- _Records to use_

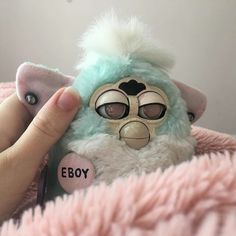 a person holding a small stuffed animal in their hand with the word eboy on it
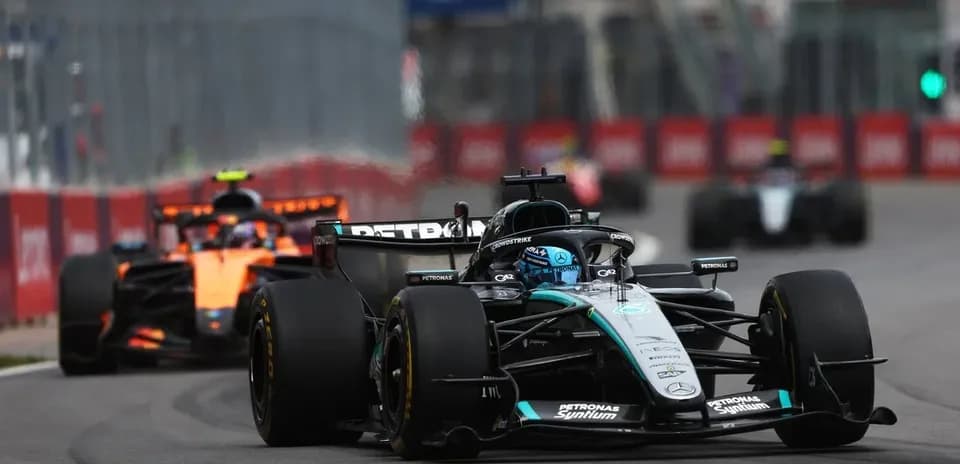 Formula 1 cars racing on street circuit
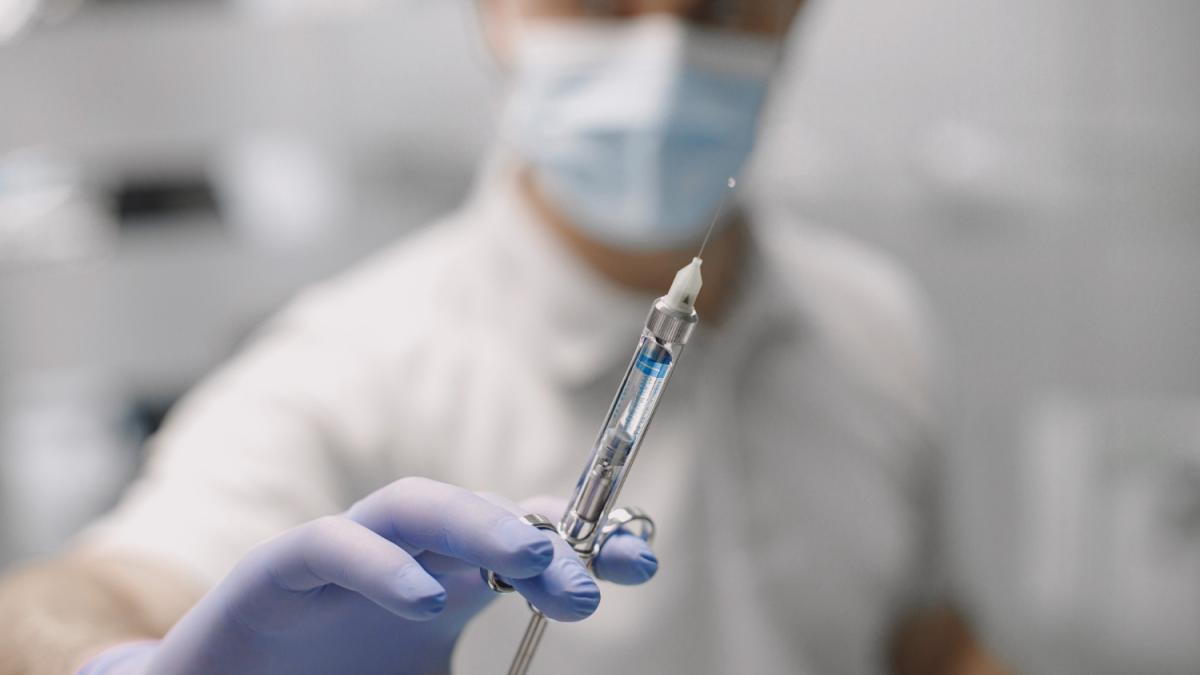 Доктор держит в руке шприц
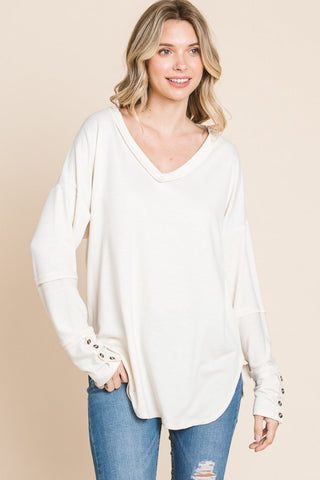 Woman wearing a white V-neck dropped shoulder blouse with buttoned cuffs, paired with blue jeans.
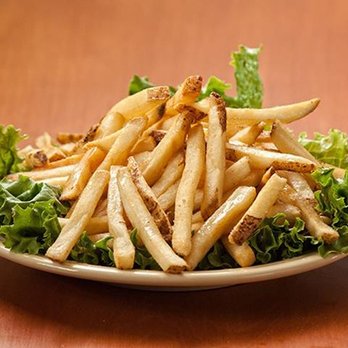 Carlee's Bar & Grill - a plate of french fries - Dive Bars Near Me - Pewaukee, Wisconsin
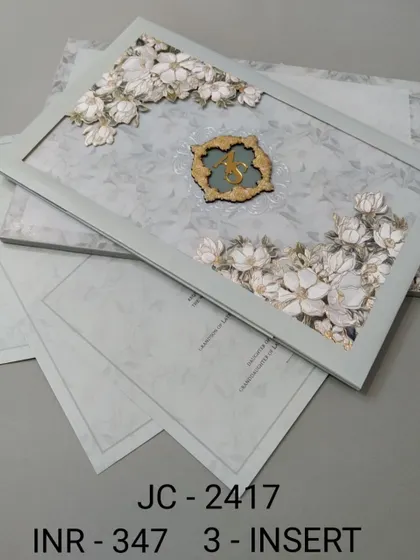A beautiful framed invitation with 3D white flowers on a soft sage green background. This three-insert set is delicate and fresh, ideal for a spring or garden wedding.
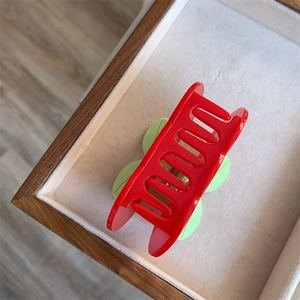 Detail of red and green acetate cherry hair claw clip on a white velvet display tray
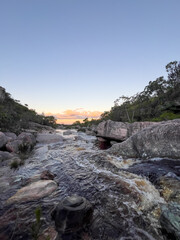 Obraz premium Rocky river at sunset with flowing water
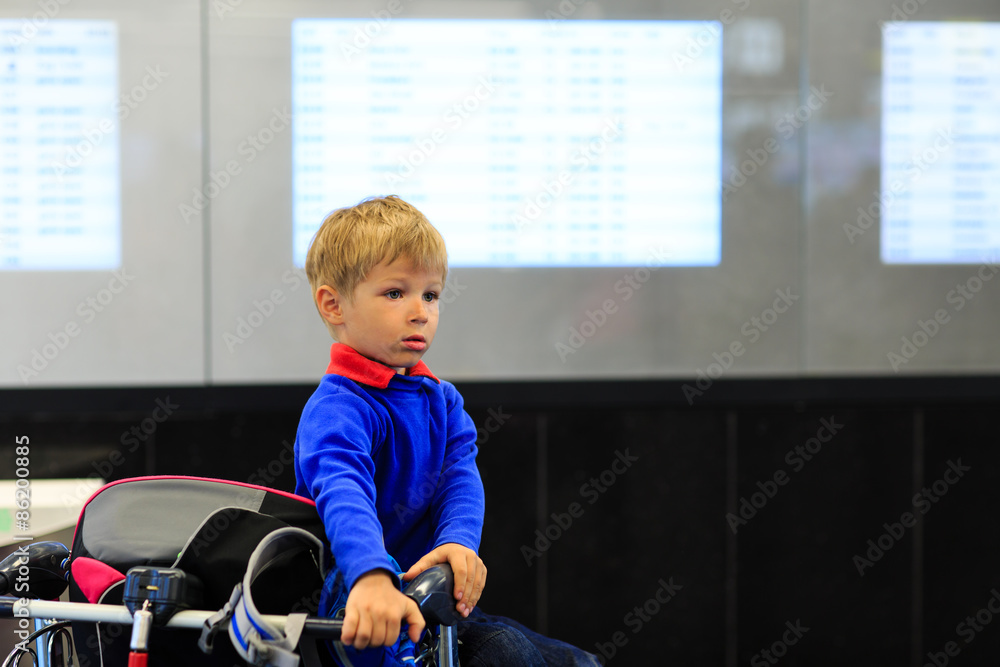 little boy waiting in the airport little boy waiting in the airport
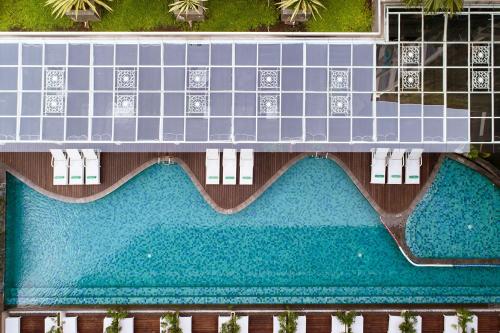 an overhead view of a building with a swimming pool at THE 1O1 Yogyakarta Tugu in Yogyakarta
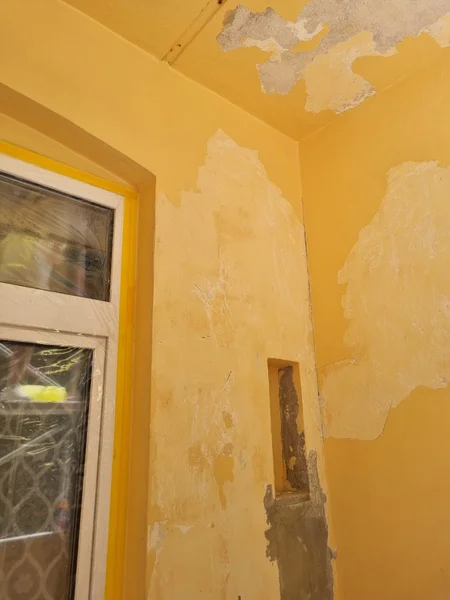 Balkonecke mit stark abgeplatztem gelbem Putz neben einem Fenster und einer kleinen Wandnische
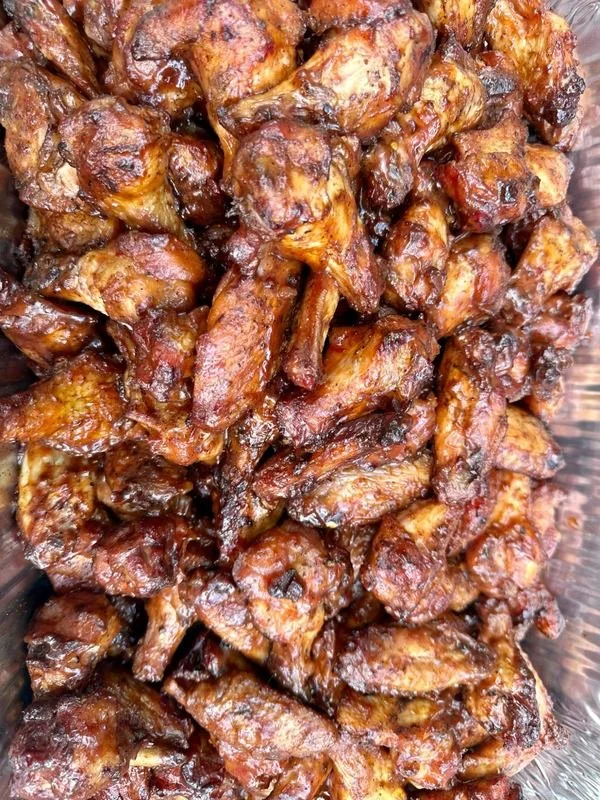 Close-up of cooked, glazed chicken pieces in a glass dish.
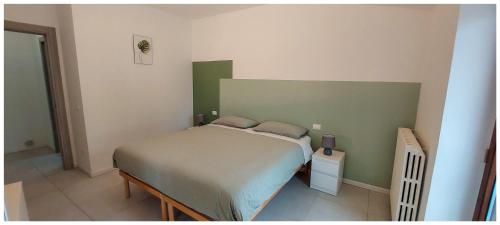 um quarto com uma cama e uma parede verde em Da Titti Appartamento Assisi em Assis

- _What the exercise asks_
Write out the whole listing above exactly; do not include the pictures.

- _Your solution_
 a person holding a small stuffed animal in their hand with the word eboy on it
 Formula 1 cars racing on street circuit
 Доктор держит в руке шприц
 Woman wearing a white V-neck dropped shoulder blouse with buttoned cuffs, paired with blue jeans.
 Carlee's Bar & Grill - a plate of french fries - Dive Bars Near Me - Pewaukee, Wisconsin
A beautiful framed invitation with 3D white flowers on a soft sage green background. This three-insert set is delicate and fresh, ideal for a spring or garden wedding.
 Detail of red and green acetate cherry hair claw clip on a white velvet display tray
 Obraz premium Rocky river at sunset with flowing water
 little boy waiting in the airport little boy waiting in the airport
 an overhead view of a building with a swimming pool at THE 1O1 Yogyakarta Tugu in Yogyakarta
 Balkonecke mit stark abgeplatztem gelbem Putz neben einem Fenster und einer kleinen Wandnische
 Close-up of cooked, glazed chicken pieces in a glass dish.
 um quarto com uma cama e uma parede verde em Da Titti Appartamento Assisi em Assis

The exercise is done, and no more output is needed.